20. The method of claim 15, wherein the microorganism is a parasite, protist, or other eukaryotic pathogen.

21. A method for making the composition of claim 1 comprising (i) dissolving PMMA in a solute containing a surfactant, (ii) adding benzoyl peroxide, benzyl chloride and/or benzalkonium chloride to the dissolved PMMA, (iii) adding a non-solvent to the solution of PMMA and BPO, BC and/or BAC for a time and under conditions suitable for nanoprecipitation of the composition containing PMMA and benzoyl peroxide, benzyl chloride or benzalkonium chloride, into nanoparticles.

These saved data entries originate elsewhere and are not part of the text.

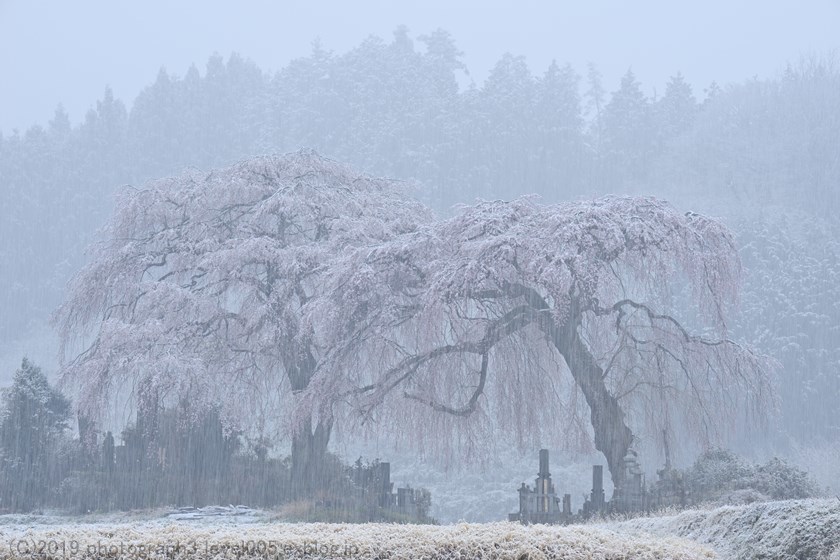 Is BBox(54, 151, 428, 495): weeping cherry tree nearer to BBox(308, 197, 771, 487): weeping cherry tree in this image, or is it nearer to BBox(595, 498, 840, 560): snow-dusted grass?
BBox(308, 197, 771, 487): weeping cherry tree

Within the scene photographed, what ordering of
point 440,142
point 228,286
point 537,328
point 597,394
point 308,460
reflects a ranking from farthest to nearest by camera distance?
point 440,142 < point 228,286 < point 308,460 < point 537,328 < point 597,394

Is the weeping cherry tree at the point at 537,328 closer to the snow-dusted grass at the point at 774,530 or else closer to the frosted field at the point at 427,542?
the snow-dusted grass at the point at 774,530

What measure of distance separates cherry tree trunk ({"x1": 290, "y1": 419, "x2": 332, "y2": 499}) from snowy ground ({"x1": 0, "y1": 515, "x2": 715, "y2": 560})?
1288cm

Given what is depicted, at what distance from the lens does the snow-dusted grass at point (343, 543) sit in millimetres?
6469

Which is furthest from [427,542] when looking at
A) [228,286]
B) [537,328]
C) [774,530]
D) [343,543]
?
[228,286]

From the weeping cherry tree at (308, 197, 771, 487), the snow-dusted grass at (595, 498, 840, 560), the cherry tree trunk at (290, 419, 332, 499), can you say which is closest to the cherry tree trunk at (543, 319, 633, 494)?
the weeping cherry tree at (308, 197, 771, 487)

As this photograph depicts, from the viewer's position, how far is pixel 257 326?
21328 mm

22. A method for making the composition of claim 1 comprising (i) dissolving PMMA in a solute adding benzoyl peroxide and/or benzyl chloride to the dissolved PMMA, (ii) adding a non-solvent containing benzalkonium chloride in addition to a surfactant for a time and under conditions suitable for nanoprecipitation of the composition containing PMMA and benzoyl peroxide, benzyl chloride or benzalkonium chloride, into nanoparticles. A method for making the composition of claim 1 comprising (i) dissolving PMMA in a solute adding benzoyl peroxide and/or benzyl chloride to the dissolved PMMA, (ii) adding a non-solvent (that is not miscible with the original solvent) containing benzalkonium chloride in addition to a surfactant for a time and under conditions suitable for nanoemulsion of the composition containing PMMA and benzoyl peroxide, benzyl chloride or benzalkonium chloride, into nanoparticles. A method for making the composition of claim 1 comprising (i) dissolving benzoyl peroxide and/or benzyl chloride in a suitable solvent, (ii) adding a non-solvent containing benzalkonium chloride in addition to a surfactant for a time and under conditions suitable for nanomicelles of the composition containing benzoyl peroxide, benzyl chloride or benzalkonium chloride, into nanomicelles. A method for making the composition of claim 1, wherein said composition is fabricated using at least one lab reactor, microfluidic chip, microject reactor, main spray dryer, or nanospray dryer.